Os exibicionistas.

Creio eu que os humanos somos exibicionistas por natureza, e não é de hoje que tal eu penso; mas hoje em dia, mais do que em qualquer outra época, temos os humanos à disposição bugigangas e parafernálias tecnológicas que nos permitem alcançar um público infinitamente superior ao para o qual os mais exibicionistas dos nossos antepassados exibiam as suas belezas e as suas feiúras.

Cada um de nós tem para exibir o que cada um de nós tem para exibir, e nada menos, e nada mais, apesar de alguns de nós desejar exibir mais do que têm para exibir, e não é nada demais exibir-se, desde que cada qual faça uso de sua vontade e exiba o que entende merecer ganhar o grande público, ou o pequeno. Uns de nós, mais exibicionistas do que outros, não se contêm: exibem de si mesmos até, e principalmente, o que a discrição pede que se conserve oculto de olhos alheios, em especial dos de levianos, mexeriqueiros, fesceninos; outros, no entanto, esquivam-se de toda e qualquer armadilha exibicionista e recolhem-se cada qual ao seu canto, preservando de olhos indiscretos cada um a sua intimidade, o seu espaço.
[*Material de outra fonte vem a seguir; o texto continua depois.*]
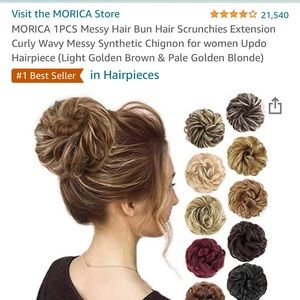 Morica Messy Hair Bun Light Golden Brown & Pale Golden Blonde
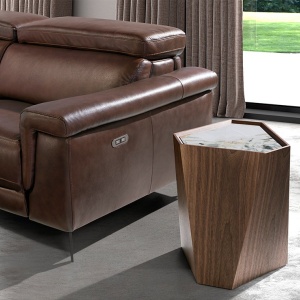 Masuta auxiliara design modern Porcelain Marble - Img 6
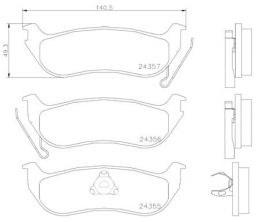 Brembo P 37 009 - Brzdové platničky -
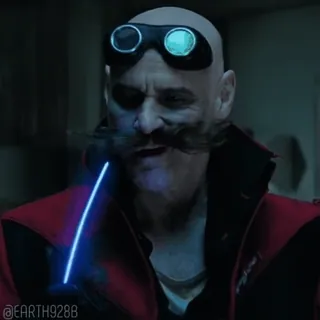 ⚡ 348b720a Dr. Robotnik Sonic the Hedgehog @EARTH9288 Dr. Robotnik, Jim Carrey, cattivo, Sonic the Hedgehog, film, personaggio whatsapp sticker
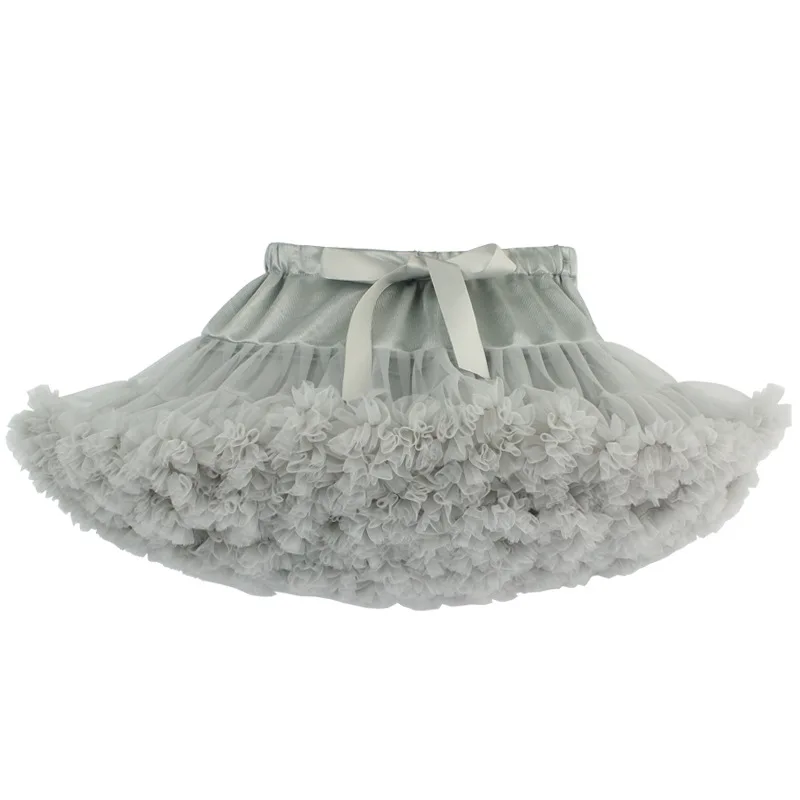 Baby Girls Tutu Skirt Fluffy Children Ballet Kids Pettiskirt Baby Girl Skirts Princess Tulle Party Dance Skirts Toddler Skirts - Цвет: 5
Não há quem não conheça gente que não passa um minuto sem se expôr, em suas redes sociais, para seu público cativo. E, pior! há quem ache lindo, o máximo, revelar, em fotos e vídeos, para o universo, o das redes sociais, tudo o que faz, o que vê, o que toca desde o instante em que desperta de um longo sono até o em que se deita para pregar os olhos: ao acordar, estremunhado, espreguiçando-se, embrulhado em vestes sumárias; em poses exdrúxulas, supostamente sensuais, a mostrar a língua, ou a fazer biquinho; diante do espelho, a se pentear, em poses sugestivas; numa academia, a exibir os músculos; à mesa, num restaurante, diante de um prato recheado, a gesticular e a proferir sentenças mundialmente conhecidas, e, minutos depois, diante do mesmo prato, agora vazio, a enodoá-lo vestígios dos víveres consumidos, a falar do prazer da gula; e a remexer numa bolsa grávida de perfumarias e outros brinquedos, e na carteira afortunada; e... tudo, enfim.
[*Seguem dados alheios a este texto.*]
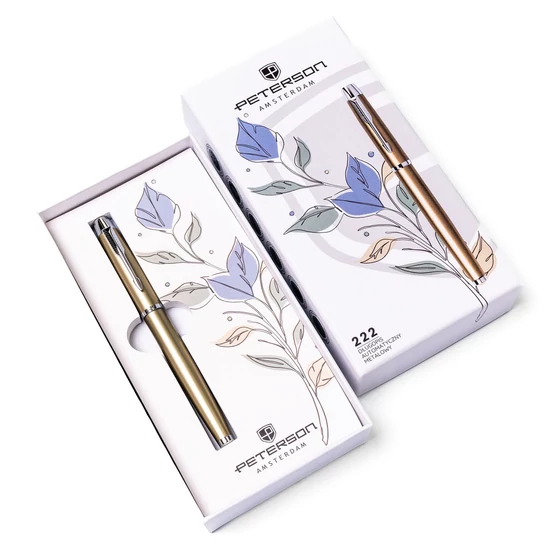 Peterson PTN 222-GB olajzöld-ezüst golyóstoll dobozban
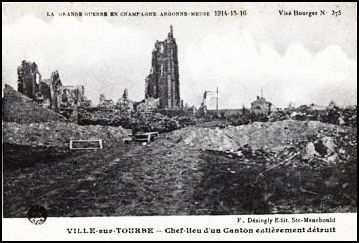 ruines de Ville sur Tourbes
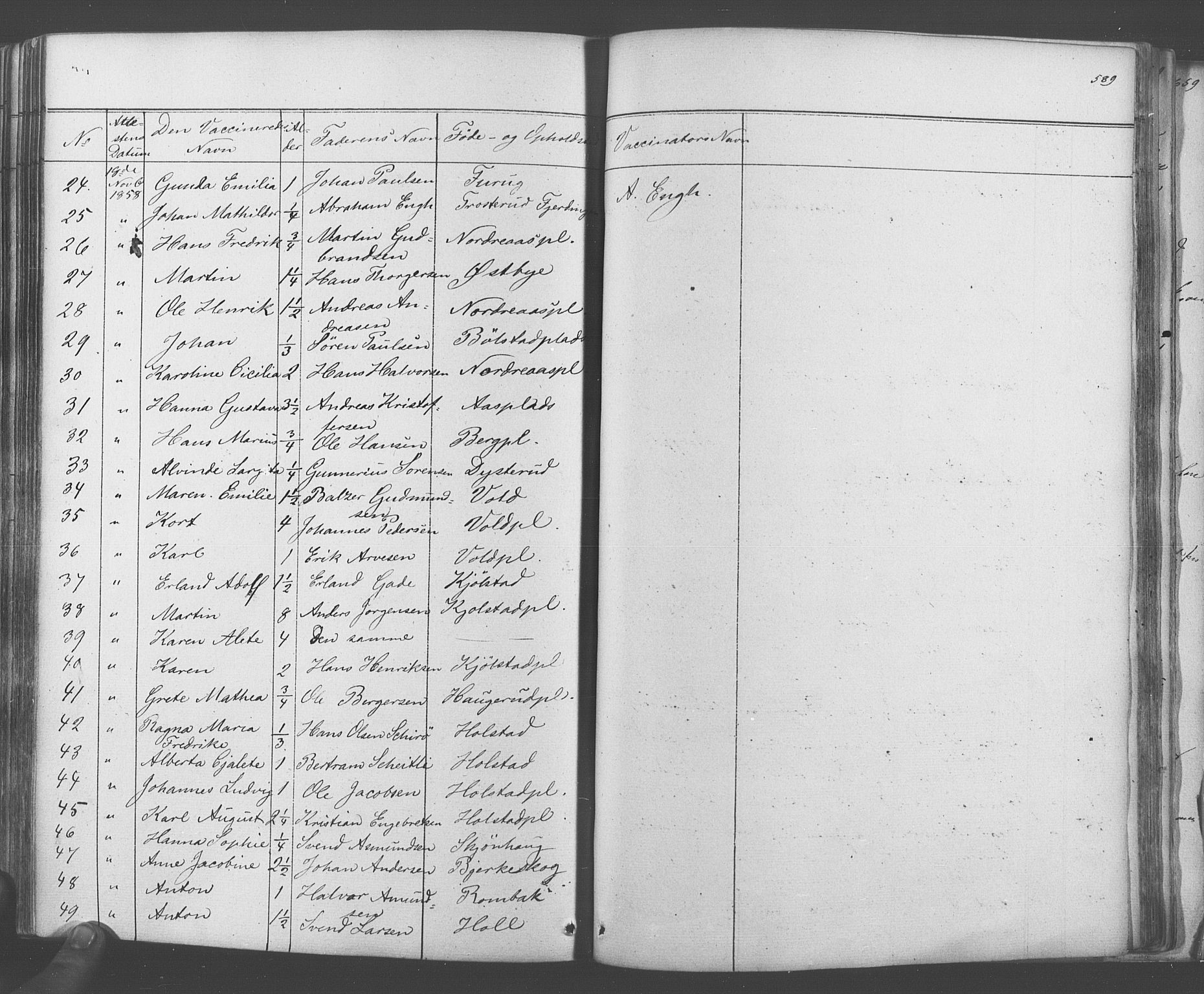 Ås prestekontor Kirkebøker, AV/SAO-A-10894/F/Fa/L0006: Parish register (official) no. I 6, 1841-1853, p. 588-589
Que há pessoas que trocam os pés pelas mãos ao usarem das tecnologias, há, ninguém há de negar, e não são poucas as que, usando-as mal, perturbam-se ao exibirem mais do que pede o bom-senso e atormentam espíritos alheios. Todavia, porém, no entanto, temos de, sem moralismo vazio, patético, sem julgarmos e condenarmos vícios alheios, e cientes de que todos somos sujeitos a cedermos ao chamado do exibicionismo mais explícito - e que atire a primeira pedra quem nunca sentiu o comichão de exibir-se estupidamente para oito bilhões de primatas superiores -, reconhecer um bem inestimável que os exibicionistas oferecem à espécie humana: farto material para os homens do futuro estudarem os hábitos, as veleidades, a cultura, enfim, dos homens que pela Terra perambularam no início do século XXI, e assim saberem o quão tolos somos, e concluírem, acredita-se, que eles compartilham conosco, do mesmo modo que nós com os nossos ancestrais das cavernas, dos mesmos vícios, das mesmas virtudes, das mesmas bestialidades, das mesmas nobrezas, da mesma humanidade - da mesma humanidade, sim, ora bolas! afinal serão os humanos do futuro humanos, mesmo que lhes alimentem a presunção de pertencerem à espécie superior à de hoje, da de hoje evoluída, do mesmo modo que muita gente de hoje se sente em relação aos homens das cavernas, porque imersos num mundo de quinquilharias que os seus antepassados jamais imaginaram um dia existir. E assim caminha a humanidade, desde sempre, para sempre. A natureza humana é, hoje, o que era ontem, e amanhã será o que é hoje. Humanos, sempre humanos. O mal, o infinito mal, está na idéia que muito mal faz aos humanos: a de que a espécie humana pode ser aperfeiçoada. Impossível. Não evoluimos os humanos um ponto desde que o primeiro homem pisou na Terra, e não evoluiremos que seja uma vírgula até o dia em que o último homem deixar a Terra. Um dia o que teve início encontrará um fim. E assim será. E os humanos seremos eternamente exibicionistas, para o bem e para o mal.